I never knew exactly what to expect when traveling to the United Kingdom and Ireland. I expected there to be a bit of a language barrier, which there was. A lot of the accents I ran into, especially in Ireland were very thick and they pronounced some words differently. I also learned that in Ireland, instead of using jail they use the word gaol, which means the same thing.

Overall the United Kingdom was not much different from the United States. You could tell that they have been around a lot longer and actually care about their citizens and the overall well being of their country. They have had a lot longer to make their mistakes and learn from them than the United States has though. I don’t think anyone would have imagined how many executions would become apart of tours later in history. Notoriously those who spoke for the people and stood up for what was right, were killed in public spectacles. The United States has a someone similar history with slavery and the blatant disrespect of minorities over the last few hundred years. The biggest difference is that it is not acknowledge here as a piece of history and how this country was built. So, I guess they have had a lot longer to see their mistakes and eventually learned to build from them.

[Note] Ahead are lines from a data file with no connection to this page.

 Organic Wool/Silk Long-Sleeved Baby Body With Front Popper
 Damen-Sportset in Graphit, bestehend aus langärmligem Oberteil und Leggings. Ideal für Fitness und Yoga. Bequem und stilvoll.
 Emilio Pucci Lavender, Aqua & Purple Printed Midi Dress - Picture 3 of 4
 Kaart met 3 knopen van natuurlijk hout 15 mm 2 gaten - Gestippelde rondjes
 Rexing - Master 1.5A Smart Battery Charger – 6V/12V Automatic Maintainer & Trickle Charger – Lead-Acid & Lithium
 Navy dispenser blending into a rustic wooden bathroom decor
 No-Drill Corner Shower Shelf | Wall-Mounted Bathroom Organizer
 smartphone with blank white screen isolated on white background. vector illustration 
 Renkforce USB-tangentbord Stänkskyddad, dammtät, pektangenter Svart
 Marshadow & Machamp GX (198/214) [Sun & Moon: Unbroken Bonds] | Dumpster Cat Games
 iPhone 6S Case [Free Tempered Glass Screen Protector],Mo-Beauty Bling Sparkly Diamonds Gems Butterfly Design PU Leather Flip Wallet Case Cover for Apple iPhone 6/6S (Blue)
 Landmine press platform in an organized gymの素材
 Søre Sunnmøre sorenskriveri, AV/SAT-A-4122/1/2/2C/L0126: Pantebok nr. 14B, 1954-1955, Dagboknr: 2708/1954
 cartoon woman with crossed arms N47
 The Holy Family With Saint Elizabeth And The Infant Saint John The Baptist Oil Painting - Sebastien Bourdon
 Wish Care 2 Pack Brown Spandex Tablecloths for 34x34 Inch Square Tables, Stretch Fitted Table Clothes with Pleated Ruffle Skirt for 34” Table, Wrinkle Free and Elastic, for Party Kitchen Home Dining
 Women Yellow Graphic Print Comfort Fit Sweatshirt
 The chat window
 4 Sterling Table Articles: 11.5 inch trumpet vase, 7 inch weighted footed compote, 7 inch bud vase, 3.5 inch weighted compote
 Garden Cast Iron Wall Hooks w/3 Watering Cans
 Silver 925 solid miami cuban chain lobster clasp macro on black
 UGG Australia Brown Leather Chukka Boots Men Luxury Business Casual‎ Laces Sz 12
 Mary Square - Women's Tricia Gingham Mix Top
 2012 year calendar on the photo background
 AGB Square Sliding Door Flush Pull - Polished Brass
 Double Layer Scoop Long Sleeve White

The public transportation here in the United States needs to take a lot of notes from United Kingdom’s. There are a ton of trains and busses going throughout the city at all times. You would have never thought their system would be so helpful when they have such a large number of public transportation. It truly is the best way to get around town without breaking the bank with cars or having to walk everywhere. One thing I greatly appreciated was that they would notify customers in all stations of any issues, delays, and alternative routes if they were necessary. Here the train or bus just might not come and it makes people less able to rely on public transportation. It makes it a lot harder for the people here to do the things they want to do when they can’t get anywhere reliably. Another big difference is that the trains go outside of the city where things are a bit more spaced out. Once you get out of Detroit there is barely any buses that people can get around on, so people have a higher need for cars. You can see how this large use of trains and buses could help with the pollution in the area, since most people  have no need for cars, which is a lot of ecofriendly than the model we have here.

The food also had some differences that were fairly noticeable. For one, the food was much fresher than what I typically have in the United States. I went to McDonald’s a couple times and the burgers tasted much better than what I am used to. The portions were also larger than what I can get back home, which in most places meant your money went a lot further. When you went to expensive restaurants it was just like going to one here like, the food tasted okay but was hardly seasoned, smaller portion sizes, and the dishes were unreasonably priced (I made visiting those kinds of restaurants a rarity). Also, in London especially, the bread was sweet. I cannot quite put my finger on it, but I loved it!

The schooling and opportunities there in the past have been beneficial to those seeking higher educations, because the costs are either free or less than half of the cost attending a single year at Michigan State. With Brexit there is no telling how the education system is going to change, since the United Kingdom will be leaving the European Union. There are a lot of things that still have to be figured out. For one, it will probably much harder to travel into and out of the rest of Europe for the UK. I did notice that many businesses had help wanted signs in windows and I learned that its because the workers have gone back home. With the United Kingdom no longer in the European Union they no longer have the same resources and have no idea what is going to happen in the coming months and years. There are a lot of decisions to be made, but it is clear that the people want out of the Union. Outside of large businesses and travelers, there is little advantage that the people gain from staying apart of the EU, so they are trying something different. They are in a somewhat similar spot America was in when Trump was elected as president (not saying he was at all qualified or has done a good job at all), but they want a change. Since the old way has not worked they are going to go the drastic route and do something out of the ordinary to see if that can change things for the better.

This trip has been eye opening in a lot of ways. Our visit to the BBC in Glasglow has me thinking about different apprenticeships and internship opportunities I could look for here in the states. I got the chance to travel, get my passport stamped twice in the course of five weeks, and learn along the way. I made fourteen new friends and even learned some things about myself along the way. I can also say that I walked an average of about five and a half miles a day for five weeks. This was a great experience and I think everyone should take the time to study abroad.


I can’t wait to see where I’ll head to next!